_What to do_
Output the data unchanged and complete, minus the images.

_Data section_
--------------------------------------------------

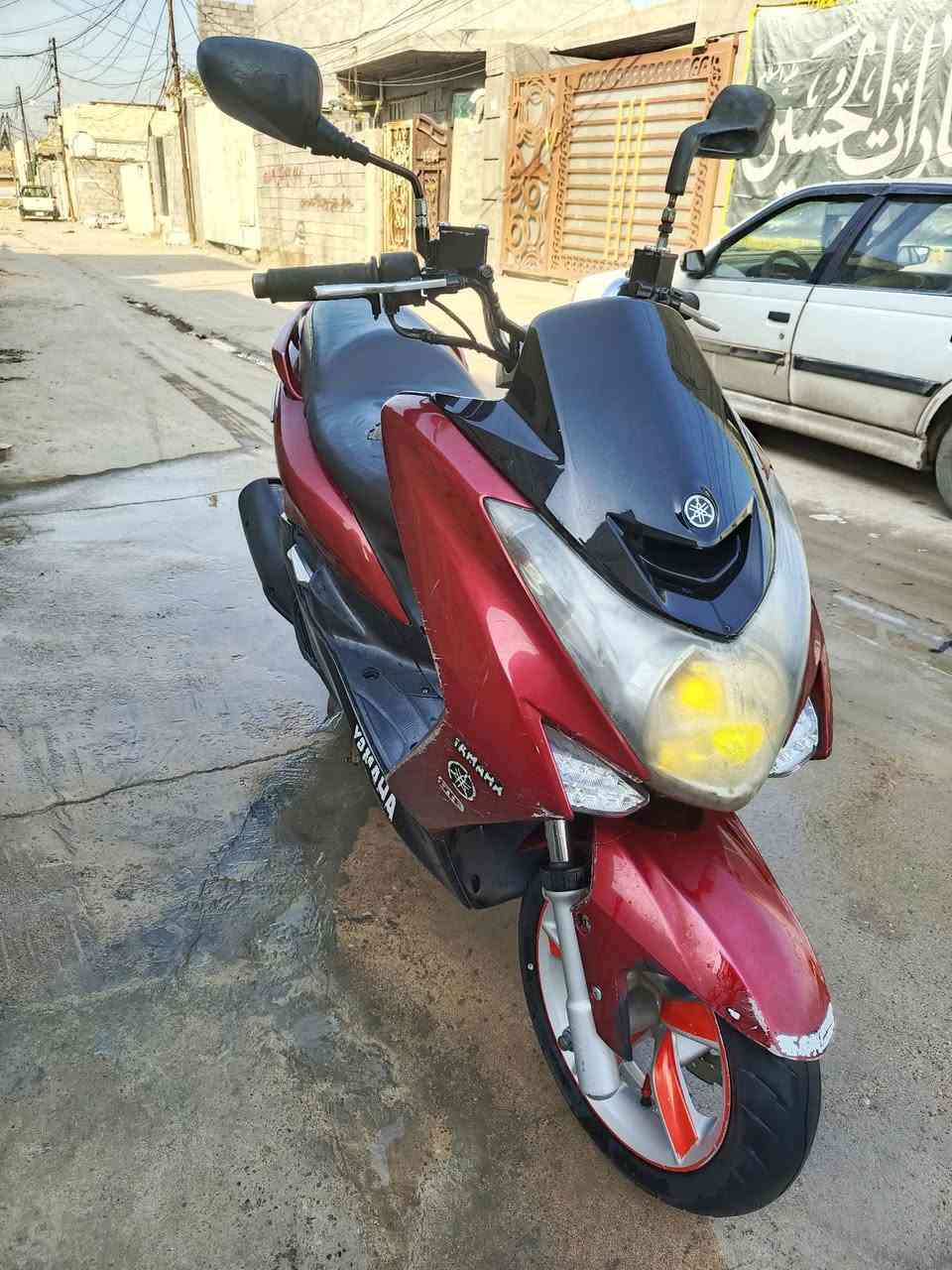 السلام عليكم ماجسته اس دراجه كامله صافيه 
نقص تريشه يسره وبيها صوت فيلس مستعجل كلش ع بيعتها 
السعر 750 وبيها مجال 
***********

--------------------------------------------------

_Exercise answer_
 السلام عليكم ماجسته اس دراجه كامله صافيه 
نقص تريشه يسره وبيها صوت فيلس مستعجل كلش ع بيعتها 
السعر 750 وبيها مجال 
***********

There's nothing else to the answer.